Skip to content Skip to navigation

Aaron Horvath

Aaron Horvath
A.B., Princeton University, 2010


I am a PhD candidate in the Stanford University Department of Sociology and am affiliated with the Stanford Center on Philanthropy and Civil Society (PACS).  My work centers on the dynamic interactions between ideas, organizational forms, and organizational practices.

In my dissertation, I explore how emergent theories of public administration shaped collective understandings and practices of democracy in the United States from the mid-19th and mid-20th century – a period that sees government administration transform from machine politics to technocratic machines. Over this period, reformers, scholars, politicians, and the public attempt to navigate and resolve an enduring tension of America politics: the simultaneous commitments to popular sovereignty and the dream of the rationalist, apolitical, expertly administered state. Tracing the encounters between these ideals over time reveals their mutability, illuminating the evolving moral and pragmatic content of political authority.
In another project, Woody Powell and I are examining the social and historical processes by which ultra-rich philanthropists and their foundations came to be celebrated as legitimate underwriters of public provision in the U.S. Our aim is to explain how the very meaning of philanthropy – the ways in which philanthropists understand their role within and seek to act upon society – undergoes considerable change.

Lastly, Woody Powell, Christof Brandtner, and I have been conducting a longitudinal study of the San Francisco Bay Area nonprofit sector, seeking to understand how shifting ideas about management shape how nonprofits engage with and respond to their communities’ needs.

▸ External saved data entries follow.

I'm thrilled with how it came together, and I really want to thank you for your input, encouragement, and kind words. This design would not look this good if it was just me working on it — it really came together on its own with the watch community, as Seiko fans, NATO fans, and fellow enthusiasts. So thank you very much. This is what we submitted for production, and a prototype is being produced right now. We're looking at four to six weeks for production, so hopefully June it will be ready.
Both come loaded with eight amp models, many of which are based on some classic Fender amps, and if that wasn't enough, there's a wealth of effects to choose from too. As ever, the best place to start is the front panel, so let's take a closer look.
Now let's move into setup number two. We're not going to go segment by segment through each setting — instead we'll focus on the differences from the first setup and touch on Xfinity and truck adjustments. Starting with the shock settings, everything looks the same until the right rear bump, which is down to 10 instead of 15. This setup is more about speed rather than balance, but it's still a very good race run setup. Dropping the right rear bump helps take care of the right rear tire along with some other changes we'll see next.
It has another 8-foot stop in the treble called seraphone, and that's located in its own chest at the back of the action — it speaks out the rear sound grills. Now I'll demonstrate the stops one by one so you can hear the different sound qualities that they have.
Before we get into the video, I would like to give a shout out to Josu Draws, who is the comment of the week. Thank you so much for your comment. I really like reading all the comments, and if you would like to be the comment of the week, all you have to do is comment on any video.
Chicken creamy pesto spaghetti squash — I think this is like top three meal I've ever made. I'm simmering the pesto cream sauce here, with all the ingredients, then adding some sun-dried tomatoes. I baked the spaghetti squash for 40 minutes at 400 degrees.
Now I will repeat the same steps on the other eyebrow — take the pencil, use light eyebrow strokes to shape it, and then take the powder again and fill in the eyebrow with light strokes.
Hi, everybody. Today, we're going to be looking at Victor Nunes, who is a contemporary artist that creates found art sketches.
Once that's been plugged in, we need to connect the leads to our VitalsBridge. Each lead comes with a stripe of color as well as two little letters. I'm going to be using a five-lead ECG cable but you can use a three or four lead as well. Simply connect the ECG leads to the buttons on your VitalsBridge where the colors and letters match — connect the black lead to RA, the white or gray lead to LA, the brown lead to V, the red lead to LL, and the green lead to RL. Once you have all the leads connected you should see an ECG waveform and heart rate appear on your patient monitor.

Along with a team of international collaborators, we are currently broadening our lens beyond the Bay Area to include the Puget Sound, Shenzhen, Sydney, and Vienna nonprofit sectors.

Prior to Stanford, I received an undergraduate degree from Princeton University, and worked in public policy at the Urban Institute and Mathematica Policy Research. My free time revolves around bicycles, bookended by coffee, beer, and old time radio shows.